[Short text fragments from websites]
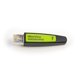 thumbnail image 1 of WireMapper NETALLY WireView 1 #1 91 g, 1 of 1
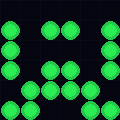 201.87.161.110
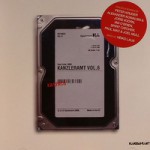 Buy Kanzleramt Vol. 6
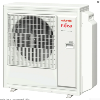 AOYG 30 KBTA4.UE - unité extérieure climatiseur quadri-splits 8000W 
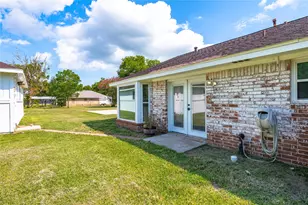 14608 Ash Rd, Santa Fe, TX 77517 - Photo 25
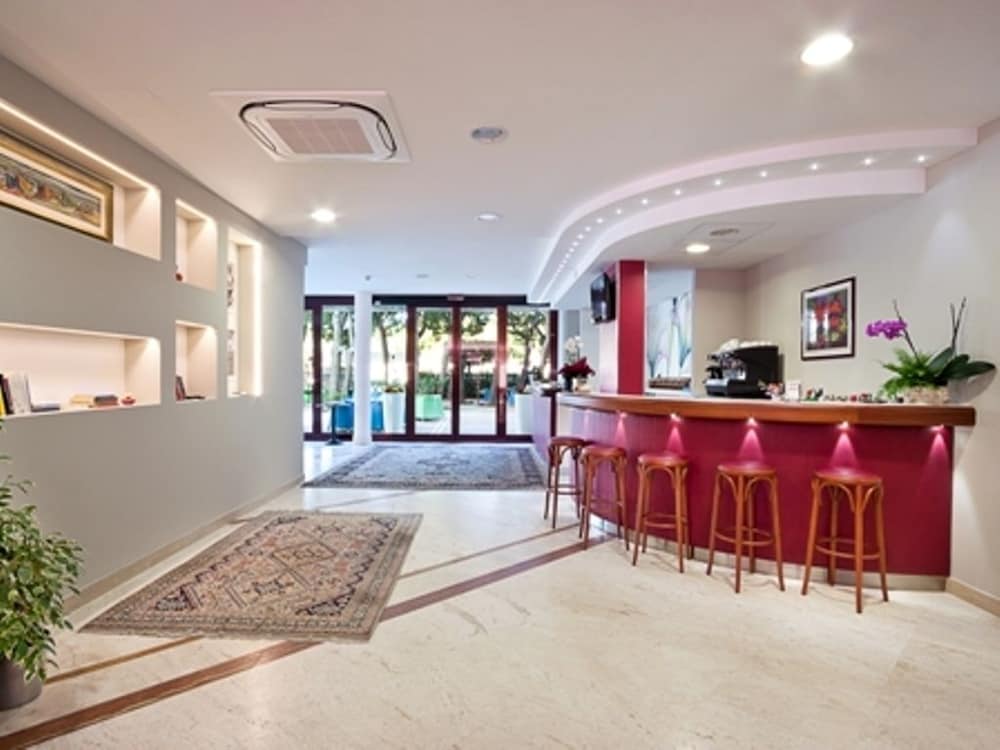 san benedetto del tronto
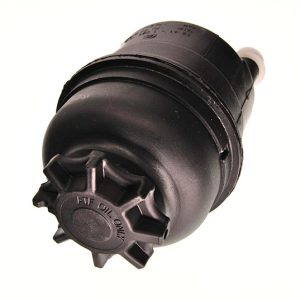 Vas de expansiune ulei hidraulic (servodirectie) LAND ROVER DEFENDER Cabrio (L316) 2.5 D 4x4 (L316) diesel 69 cai MAXGEAR 77-0020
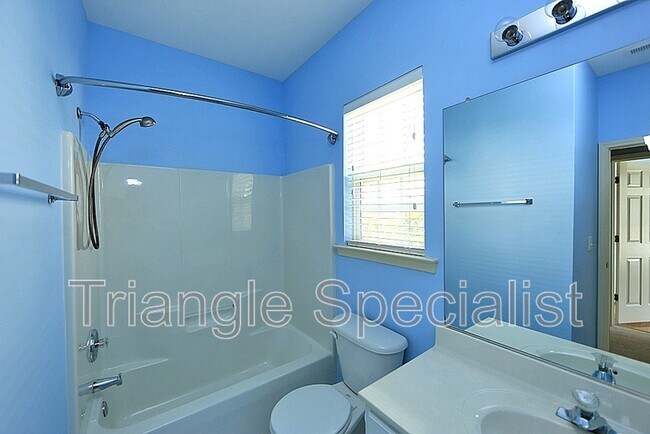Building Photo - 5513 Creekdale Cir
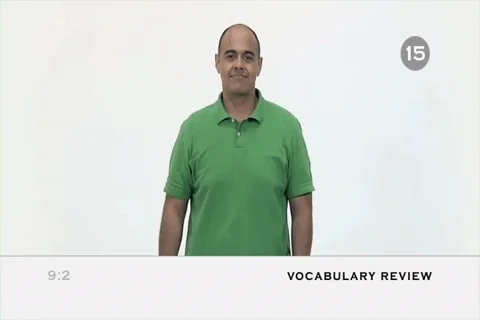 <p>fs-ADAM’S + FUNERAL</p>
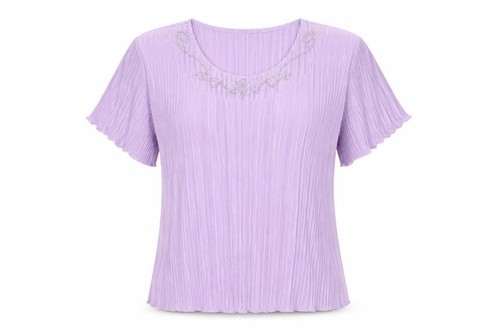 Womens forever michael - by,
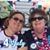 Darlene Beek's profile image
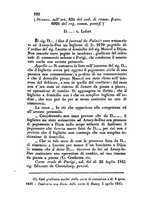 giornale/UM10011599/1845-1846/unico/00000194
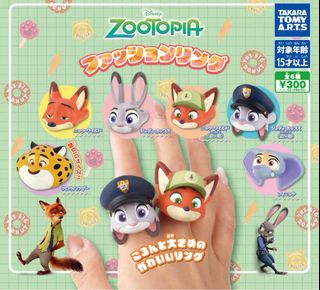（分類：）位於 。 由 Omiga_03 提交（商品編號 1411696423，圖片 1）。簡介： 。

● **What you need to do**
Each line above should be printed again exactly, though the pictures should not be.

● **Reply**
 thumbnail image 1 of WireMapper NETALLY WireView 1 #1 91 g, 1 of 1
 201.87.161.110
 Buy Kanzleramt Vol. 6
 AOYG 30 KBTA4.UE - unité extérieure climatiseur quadri-splits 8000W 
 14608 Ash Rd, Santa Fe, TX 77517 - Photo 25
 san benedetto del tronto
 Vas de expansiune ulei hidraulic (servodirectie) LAND ROVER DEFENDER Cabrio (L316) 2.5 D 4x4 (L316) diesel 69 cai MAXGEAR 77-0020
Building Photo - 5513 Creekdale Cir
 <p>fs-ADAM’S + FUNERAL</p>
 Womens forever michael - by,
 Darlene Beek's profile image
 giornale/UM10011599/1845-1846/unico/00000194
（分類：）位於 。 由 Omiga_03 提交（商品編號 1411696423，圖片 1）。簡介： 。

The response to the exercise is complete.